脳卒中の治療後における在宅療養

入院した医療機関で脳卒中の治療が進み、ある程度リハビリも進むと、その後は在宅療養となります。十分な医療サービスが在宅で受けられるのかを心配する人が多い一方、住み慣れた自宅に帰れることは何よりも安心できます。退院が決まったら、家族で協力して在宅療養ができるよ、環境を整えることから始めます。

2006年度から在宅療養支援診療所制度が設けられました。これにより自宅で定期的な診察や医療処置、健康指導などを受けることができます。支援を受けられるのは、入院が必要な急性期を脱し、症状が安定してるものの通院が困難な場合です。この支援は、脳卒中の患者のほか、認知症、パーキンソン病、高齢者の大腿骨の骨折などでも受けられるケースがあります。

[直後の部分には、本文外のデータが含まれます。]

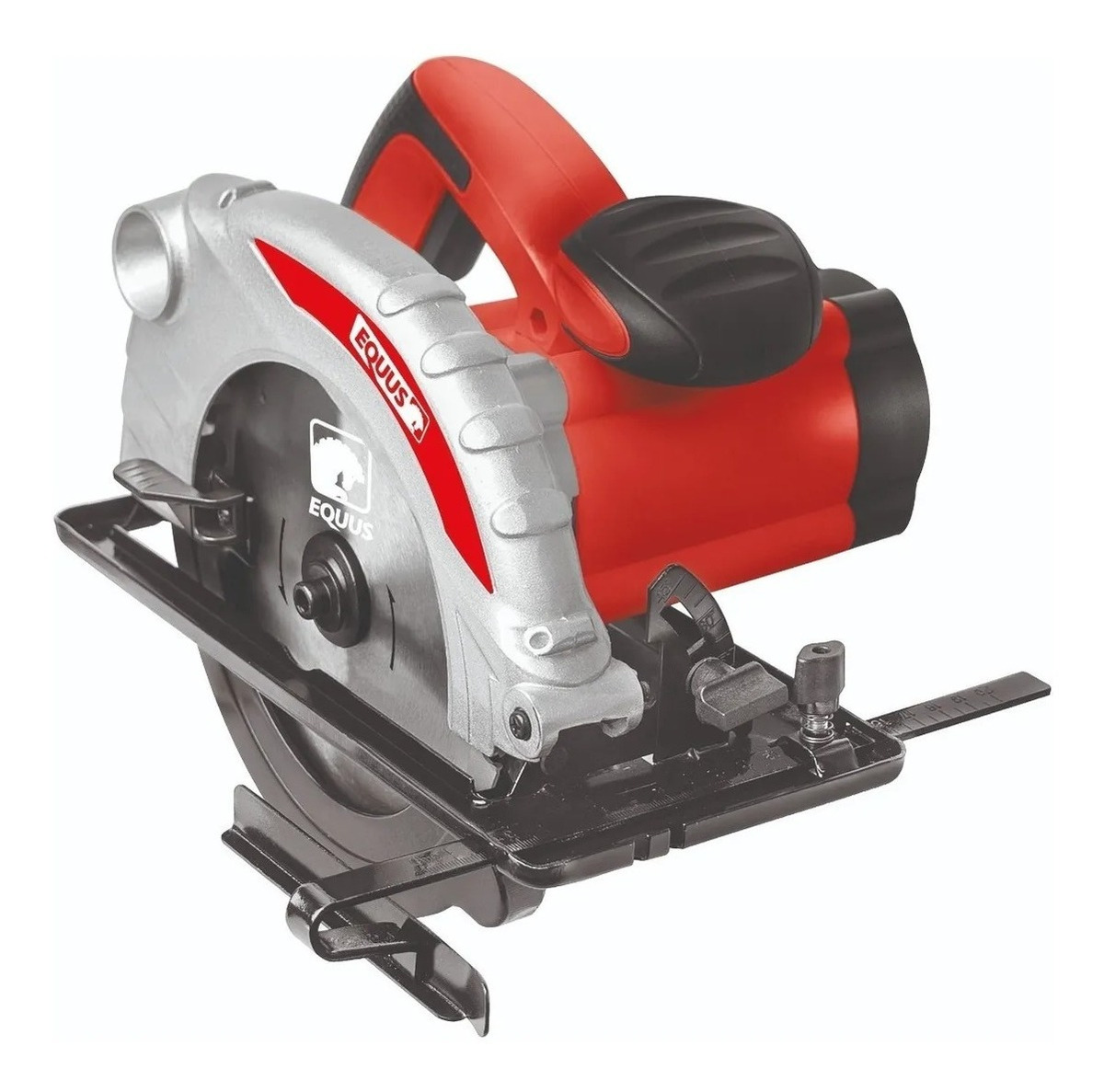 Sierra Circular Equus 7 1/4 1400w Profesional Con Disco + Lent - Imagen 4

脳卒中では、リハビリテーションの継続が重要です。しかし、自宅に帰ると患者さんはほっとしてリハビリを続けることを辞める傾向にあります。そんな時家族は叱りたくなりがちですが、それが逆効果になることもあるので難しいものです。叱咤し、厳しく忠告するよりも、患者さんがリハビリを継続するモチベーションが挙げられるような、フォローがもとめられます。一食に美味しいものを食べに出かけたり、散歩するのもよいでしょう。

患者さんの後遺症が重い場合や、もともと持病があって介護が必要な場合は、介護保険などの公的制度を積極的に利用しましょう。退院前に地域の福祉事務所や病院の医療ソーシャルワーカーに相談すると、手続きの仕方を教えてもらえます。